Muito controle sobre a informação online
Ainda assim, alguns estudioso da comunicação e juristas argumentam que a preocupação em ter o trabalho roubado é a última na cabeça de um jornalista quando o assunto é lei federal de direitos autorais.
Permitir que uma corte decida quais conteúdos devem ser bloqueados ou não num website abre precedentes para que os juízes decidam quem é e quem não é jornalista, de acordo com James Losey, um analista político da New America Foundation’s Open Technology Initiative, que promove reformas regulatórias e políticas em prol de uma mídia saudável na democracia do século 21.
Para defensores de direitos, como jornalistas e organizações de mídia, Losey disse que a legislação representa um poder indesejado.
“Isso representa muito controle sobre o fluxo de informação online”, disse Losey. “Eu acho que o que nós estamos vendo é um alerta para muita gente, especialmente para aqueles que normalmente não dão atenção às leis de direitos autorais. Esse já não é mais um debate sobre direitos autorais. Essa legislação vai diretamente de encontro ao uso que as pessoas fazem diariamente da internet. Ela afeta a maneira como nos relacionamos com o governo e com as notícias. Se você começar a podar, minimamente, a interação com a internet e minar a liberdade de expressão, você está, automaticamente, limitando todos os aspectos da vida online, incluindo o acesso à informação”.

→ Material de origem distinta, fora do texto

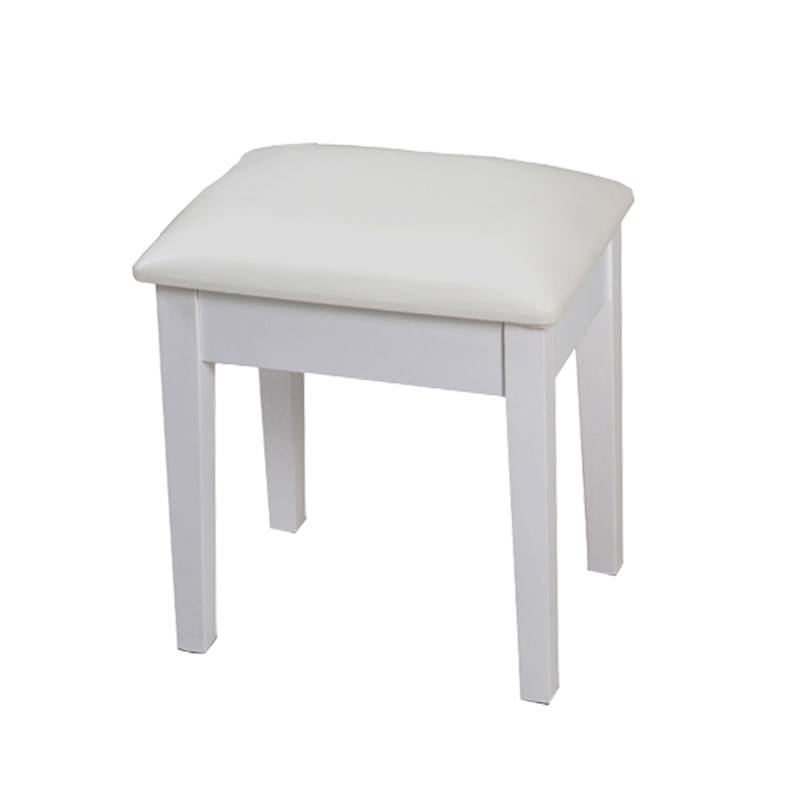 Afuera Living Contemporary White 18-Inch Upholstered Dressing Stool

O intuito do projeto de lei é identificar sites envolvidos com infrações de direitos autorais e falsificações, além daqueles que promovem serviços e produtos que ajudam a burlar os dispositivos da legislação.
Segundo especialista, comunicação anônima seria ilegal
Mas Marvin Ammori, um advogado defensor da liberdade de expressão que representa empresas de tecnologia e é afiliado ao Centro de Internet e Sociedade da Faculdade de Direito de Stanford, argumenta que a maneira com que as leis estão atualmente escritas pode prejudicar jornalistas que usam, ou deveriam estar usando, criptografia para se comunicar com fontes anônimas.
Tais mensagens digitais criptografadas são usadas na comunicação em tempo real e também na área da tecnologia, protegendo arquivos durante a transmissão entre indivíduos e servidores, utilizando o Tor Project, uma ferramenta popular que permite a comunicação anônima.
Com a nova legislação, tanto as mensagens quanto as ferramentas seriam consideradas ilegais, disse Ammori.
Fundado pelo Departamento de Estado dos EUA, o Tor Project criou uma tecnologia de criptografia muito utilizada para transferir arquivos com direitos autorais, como utilizado pelo Wikileaks, por exemplo.
A ferramenta é particularmente popular entre dissidentes estrangeiros que vivem sob regimes de repressão. Segundo Ammori, a legislação tornaria ilegal não só o envio de arquivos criptografados, mas também acabaria com muitas outras disposições das leis de direitos autorais que também virariam ilegais.
“Qualquer legislação americana que torne uma tecnologia que foi patrocinada pelo Departamento de Estado dos EUA como promotora da liberdade de expressão deve nos fazer refletir”, diz Ammori em seu blog.
Os congressistas americanos devem voltar a debater esse assunto no final de janeiro.